▶ _Task prompt_
Below are some records. Return exactly the lines from the one with "Participants run during" to the one with "Vaaleanbeige bleiseri, jossa", and nothing else.

[Crawled caption data]
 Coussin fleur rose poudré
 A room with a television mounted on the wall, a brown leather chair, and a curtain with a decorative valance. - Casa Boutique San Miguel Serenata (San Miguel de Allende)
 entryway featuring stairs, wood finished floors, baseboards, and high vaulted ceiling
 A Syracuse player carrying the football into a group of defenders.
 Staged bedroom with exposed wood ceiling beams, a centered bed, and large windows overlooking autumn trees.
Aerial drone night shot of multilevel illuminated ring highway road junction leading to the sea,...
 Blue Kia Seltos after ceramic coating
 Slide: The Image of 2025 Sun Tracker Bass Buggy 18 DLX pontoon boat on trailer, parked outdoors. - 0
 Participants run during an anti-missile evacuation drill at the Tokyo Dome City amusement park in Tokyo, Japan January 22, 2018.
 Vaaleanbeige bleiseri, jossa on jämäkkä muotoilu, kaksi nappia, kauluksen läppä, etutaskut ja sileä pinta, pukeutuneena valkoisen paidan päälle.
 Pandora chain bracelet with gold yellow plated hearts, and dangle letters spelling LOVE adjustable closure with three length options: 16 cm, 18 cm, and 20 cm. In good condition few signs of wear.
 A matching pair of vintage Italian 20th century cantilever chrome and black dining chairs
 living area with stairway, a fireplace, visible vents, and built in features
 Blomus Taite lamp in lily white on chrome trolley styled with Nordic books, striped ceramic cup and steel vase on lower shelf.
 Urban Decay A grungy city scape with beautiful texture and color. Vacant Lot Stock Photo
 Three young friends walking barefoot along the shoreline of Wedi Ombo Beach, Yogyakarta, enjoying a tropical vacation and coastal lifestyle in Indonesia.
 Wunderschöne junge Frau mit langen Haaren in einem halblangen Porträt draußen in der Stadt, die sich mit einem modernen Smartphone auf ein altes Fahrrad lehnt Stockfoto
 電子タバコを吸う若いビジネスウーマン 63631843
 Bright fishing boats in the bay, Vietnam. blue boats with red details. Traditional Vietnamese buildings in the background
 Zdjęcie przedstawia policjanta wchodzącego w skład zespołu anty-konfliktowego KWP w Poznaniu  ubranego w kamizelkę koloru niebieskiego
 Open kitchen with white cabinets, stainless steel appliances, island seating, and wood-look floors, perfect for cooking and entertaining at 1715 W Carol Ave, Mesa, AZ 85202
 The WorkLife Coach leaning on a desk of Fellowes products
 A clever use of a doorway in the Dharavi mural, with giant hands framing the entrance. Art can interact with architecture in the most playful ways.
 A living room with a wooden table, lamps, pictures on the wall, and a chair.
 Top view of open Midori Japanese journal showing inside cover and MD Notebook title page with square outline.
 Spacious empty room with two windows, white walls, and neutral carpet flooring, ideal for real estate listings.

▶ _Problem solution_
 Participants run during an anti-missile evacuation drill at the Tokyo Dome City amusement park in Tokyo, Japan January 22, 2018.
 Vaaleanbeige bleiseri, jossa on jämäkkä muotoilu, kaksi nappia, kauluksen läppä, etutaskut ja sileä pinta, pukeutuneena valkoisen paidan päälle.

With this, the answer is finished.